There will be a few atomic types as well:

  1. String: one or more chars. Empty string is considered 0.
  2. Number: infinite precision.
  3. Action: refers to a set of instructions. If an Action is in a List, it will be ignored.

There is one composition type:

  1. List: a dynamically allocated array of items (including other lists). All lists are zero-indexed.

There will also be a few reserved values:

  1. args: a list of the arguments passed to the Action.

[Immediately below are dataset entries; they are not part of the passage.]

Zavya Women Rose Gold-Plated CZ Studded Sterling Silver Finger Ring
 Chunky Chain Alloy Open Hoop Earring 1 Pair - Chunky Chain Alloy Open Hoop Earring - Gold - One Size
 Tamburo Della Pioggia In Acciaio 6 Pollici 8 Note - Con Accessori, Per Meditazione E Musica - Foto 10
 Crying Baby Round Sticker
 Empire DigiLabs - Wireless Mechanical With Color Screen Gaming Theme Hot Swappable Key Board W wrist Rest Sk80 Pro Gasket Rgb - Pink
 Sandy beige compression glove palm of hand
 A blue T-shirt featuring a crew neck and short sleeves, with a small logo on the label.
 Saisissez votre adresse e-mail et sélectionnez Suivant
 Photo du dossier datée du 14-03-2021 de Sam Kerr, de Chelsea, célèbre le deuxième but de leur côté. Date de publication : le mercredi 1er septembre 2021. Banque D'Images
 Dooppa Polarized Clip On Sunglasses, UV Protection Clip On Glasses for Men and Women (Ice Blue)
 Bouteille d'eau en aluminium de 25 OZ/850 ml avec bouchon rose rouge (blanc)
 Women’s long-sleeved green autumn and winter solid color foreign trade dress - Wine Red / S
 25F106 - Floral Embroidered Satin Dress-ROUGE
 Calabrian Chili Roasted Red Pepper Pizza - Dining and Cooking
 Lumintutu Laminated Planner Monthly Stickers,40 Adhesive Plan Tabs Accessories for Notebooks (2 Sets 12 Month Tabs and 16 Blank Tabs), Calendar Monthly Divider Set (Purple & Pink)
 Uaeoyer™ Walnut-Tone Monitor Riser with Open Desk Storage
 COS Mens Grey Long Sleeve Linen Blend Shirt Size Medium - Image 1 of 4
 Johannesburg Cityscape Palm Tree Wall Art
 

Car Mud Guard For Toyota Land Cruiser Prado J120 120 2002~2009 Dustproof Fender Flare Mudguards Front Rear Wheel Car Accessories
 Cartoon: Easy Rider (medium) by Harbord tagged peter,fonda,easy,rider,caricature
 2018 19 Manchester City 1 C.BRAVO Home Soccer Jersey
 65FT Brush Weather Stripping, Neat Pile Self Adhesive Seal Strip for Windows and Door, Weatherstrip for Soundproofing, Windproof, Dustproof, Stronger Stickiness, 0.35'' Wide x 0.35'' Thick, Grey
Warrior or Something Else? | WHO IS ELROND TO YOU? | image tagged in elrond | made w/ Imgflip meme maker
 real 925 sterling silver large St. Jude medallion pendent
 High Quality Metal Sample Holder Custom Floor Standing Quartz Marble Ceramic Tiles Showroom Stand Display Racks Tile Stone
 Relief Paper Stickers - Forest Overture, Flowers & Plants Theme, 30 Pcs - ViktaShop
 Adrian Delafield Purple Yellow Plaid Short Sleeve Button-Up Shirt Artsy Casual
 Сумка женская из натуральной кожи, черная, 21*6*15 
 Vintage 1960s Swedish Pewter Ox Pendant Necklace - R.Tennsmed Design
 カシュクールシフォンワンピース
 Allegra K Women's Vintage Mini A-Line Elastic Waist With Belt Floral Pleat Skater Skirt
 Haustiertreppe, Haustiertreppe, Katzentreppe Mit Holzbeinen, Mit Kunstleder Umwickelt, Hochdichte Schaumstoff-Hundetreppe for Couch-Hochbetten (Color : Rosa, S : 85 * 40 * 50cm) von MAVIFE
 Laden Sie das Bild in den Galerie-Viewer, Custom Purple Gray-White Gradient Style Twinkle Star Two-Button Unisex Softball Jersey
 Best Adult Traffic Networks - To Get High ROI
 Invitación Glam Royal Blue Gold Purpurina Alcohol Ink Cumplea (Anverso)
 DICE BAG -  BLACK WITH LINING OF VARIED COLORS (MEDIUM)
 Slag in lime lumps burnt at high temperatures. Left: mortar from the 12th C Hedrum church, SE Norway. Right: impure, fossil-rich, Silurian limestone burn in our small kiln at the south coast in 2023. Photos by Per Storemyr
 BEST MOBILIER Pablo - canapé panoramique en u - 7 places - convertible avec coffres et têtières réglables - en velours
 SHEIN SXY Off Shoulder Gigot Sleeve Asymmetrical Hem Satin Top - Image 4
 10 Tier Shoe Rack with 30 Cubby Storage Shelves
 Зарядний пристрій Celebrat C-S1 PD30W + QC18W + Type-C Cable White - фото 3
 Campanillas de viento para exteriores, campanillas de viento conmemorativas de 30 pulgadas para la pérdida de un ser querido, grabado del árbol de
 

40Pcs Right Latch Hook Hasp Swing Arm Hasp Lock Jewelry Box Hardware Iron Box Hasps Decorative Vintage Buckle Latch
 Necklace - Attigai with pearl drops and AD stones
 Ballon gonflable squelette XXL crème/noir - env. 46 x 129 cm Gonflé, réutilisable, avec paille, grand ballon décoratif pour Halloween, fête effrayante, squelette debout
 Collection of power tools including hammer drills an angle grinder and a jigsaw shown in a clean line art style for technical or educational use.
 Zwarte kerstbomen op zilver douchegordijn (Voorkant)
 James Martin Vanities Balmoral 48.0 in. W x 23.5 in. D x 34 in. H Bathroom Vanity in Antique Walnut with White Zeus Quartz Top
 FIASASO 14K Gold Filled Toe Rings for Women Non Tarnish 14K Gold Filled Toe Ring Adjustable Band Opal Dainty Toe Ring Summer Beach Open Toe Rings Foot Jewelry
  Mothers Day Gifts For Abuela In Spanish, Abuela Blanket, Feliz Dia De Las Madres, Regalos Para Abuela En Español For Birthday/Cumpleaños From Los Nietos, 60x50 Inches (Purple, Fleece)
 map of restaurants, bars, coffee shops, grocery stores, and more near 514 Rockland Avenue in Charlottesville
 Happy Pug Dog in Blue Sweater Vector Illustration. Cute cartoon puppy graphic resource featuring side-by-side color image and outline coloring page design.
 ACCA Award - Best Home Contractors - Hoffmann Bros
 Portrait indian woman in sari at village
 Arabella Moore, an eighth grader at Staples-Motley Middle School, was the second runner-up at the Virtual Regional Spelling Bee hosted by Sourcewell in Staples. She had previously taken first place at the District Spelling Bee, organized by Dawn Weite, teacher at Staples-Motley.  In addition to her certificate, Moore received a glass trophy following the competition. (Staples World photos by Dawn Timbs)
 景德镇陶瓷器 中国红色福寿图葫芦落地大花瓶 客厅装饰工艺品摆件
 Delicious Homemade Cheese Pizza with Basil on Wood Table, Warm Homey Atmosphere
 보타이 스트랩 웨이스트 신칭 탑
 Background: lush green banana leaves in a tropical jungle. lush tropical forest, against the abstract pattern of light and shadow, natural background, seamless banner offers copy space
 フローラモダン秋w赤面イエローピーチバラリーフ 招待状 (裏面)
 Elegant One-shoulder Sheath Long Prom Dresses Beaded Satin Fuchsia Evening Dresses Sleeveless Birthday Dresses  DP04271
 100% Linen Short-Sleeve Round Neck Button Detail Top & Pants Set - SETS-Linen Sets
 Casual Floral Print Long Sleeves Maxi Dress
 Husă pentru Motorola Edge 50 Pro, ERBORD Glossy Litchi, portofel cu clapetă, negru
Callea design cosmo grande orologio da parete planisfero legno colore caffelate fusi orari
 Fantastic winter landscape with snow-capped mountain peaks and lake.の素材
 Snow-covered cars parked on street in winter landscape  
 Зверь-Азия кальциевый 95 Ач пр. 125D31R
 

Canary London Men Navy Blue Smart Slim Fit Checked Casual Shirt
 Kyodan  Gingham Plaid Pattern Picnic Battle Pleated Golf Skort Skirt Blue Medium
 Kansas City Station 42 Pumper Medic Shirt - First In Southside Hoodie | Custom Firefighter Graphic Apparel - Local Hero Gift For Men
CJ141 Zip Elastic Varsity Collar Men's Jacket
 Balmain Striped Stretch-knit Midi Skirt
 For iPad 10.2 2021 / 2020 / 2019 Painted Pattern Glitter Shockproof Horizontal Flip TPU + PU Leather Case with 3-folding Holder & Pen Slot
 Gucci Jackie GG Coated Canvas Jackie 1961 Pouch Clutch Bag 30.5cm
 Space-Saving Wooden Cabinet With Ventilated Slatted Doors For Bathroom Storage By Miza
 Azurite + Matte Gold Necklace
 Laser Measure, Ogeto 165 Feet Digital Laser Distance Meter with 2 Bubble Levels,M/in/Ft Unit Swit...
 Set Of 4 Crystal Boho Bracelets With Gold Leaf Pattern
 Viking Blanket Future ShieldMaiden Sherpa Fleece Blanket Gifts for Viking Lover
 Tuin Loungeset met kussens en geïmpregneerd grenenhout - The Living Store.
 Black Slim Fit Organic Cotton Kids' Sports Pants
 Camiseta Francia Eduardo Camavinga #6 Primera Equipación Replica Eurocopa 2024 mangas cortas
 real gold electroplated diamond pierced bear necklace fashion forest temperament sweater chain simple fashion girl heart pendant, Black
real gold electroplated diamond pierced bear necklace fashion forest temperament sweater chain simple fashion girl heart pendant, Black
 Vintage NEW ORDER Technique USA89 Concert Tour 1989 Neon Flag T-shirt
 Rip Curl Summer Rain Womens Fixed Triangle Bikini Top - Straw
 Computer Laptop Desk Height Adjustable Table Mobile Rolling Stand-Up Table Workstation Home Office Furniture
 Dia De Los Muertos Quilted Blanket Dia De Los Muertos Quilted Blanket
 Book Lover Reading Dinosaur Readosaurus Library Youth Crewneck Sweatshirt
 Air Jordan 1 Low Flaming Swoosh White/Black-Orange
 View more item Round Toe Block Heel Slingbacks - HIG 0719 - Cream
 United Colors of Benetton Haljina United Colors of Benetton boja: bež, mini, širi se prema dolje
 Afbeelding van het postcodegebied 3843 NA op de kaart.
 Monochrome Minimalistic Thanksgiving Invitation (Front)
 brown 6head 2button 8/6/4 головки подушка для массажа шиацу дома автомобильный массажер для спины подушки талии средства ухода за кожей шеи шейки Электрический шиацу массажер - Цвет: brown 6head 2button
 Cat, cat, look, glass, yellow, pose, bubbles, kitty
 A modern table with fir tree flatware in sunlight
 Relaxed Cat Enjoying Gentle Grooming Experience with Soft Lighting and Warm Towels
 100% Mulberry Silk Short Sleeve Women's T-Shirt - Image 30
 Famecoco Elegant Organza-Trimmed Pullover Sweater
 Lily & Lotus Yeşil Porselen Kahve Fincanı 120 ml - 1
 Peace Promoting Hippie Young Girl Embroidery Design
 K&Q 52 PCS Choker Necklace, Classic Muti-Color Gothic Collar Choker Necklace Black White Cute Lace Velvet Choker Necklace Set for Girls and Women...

All types will be implicitly cast to the other if needed:

  1. Number to list: 1 will convert to (1)
  2. String to list: "apple" will convert to ("a", "p", "p", "l", "e")
  3. List to number: always will return the size of the list.
  4. List to string: concatenates all items in list to a string, ie ("a", "p", "p", "l", "e") will turn into "apple". This is recursive.
  5. Number to string: 1 will convert to "1". Any floating point numbers will be represented as rational fractions.
  6. String to number: all numerics will be converted into strings and all non-numerics will halt execution. "1" will convert to 1, and "a" will stop the program. Expects rational fraction.

Actions cannot be cast. If attempted, the program must terminate.

The program will continue to execute until an unrecoverable error has occured.

Unrecoverable errors:

  1. Cast to and from Action
  2. Reached end of file and parentheses are not all matched
  3. Undefined Action or variable
  4. Undefined value
  5. Same Action or variable is defined multiple times
  6. Cast string to number when it is not possible to do so
  7. Unexpected token (two types passed instead of a list containing both items)
  8. The empty list is used ()
  9. Two strings are multiplied together
  10. Non-numbers are divided

Comments all start with =. The interpreter must ignore all input until a = is reached. The exception to this is when the comment delimiters are in a string.

The Hello, World program would look one thing like this:

(print "whats up, world")

Alternatively, it is also:

(print "whats up, " "world")

Or:

(print (add ("whats up") ("world")))

I can work out extra examples later. Now that we’ve got the (possibly damaged) spec let’s get to programming!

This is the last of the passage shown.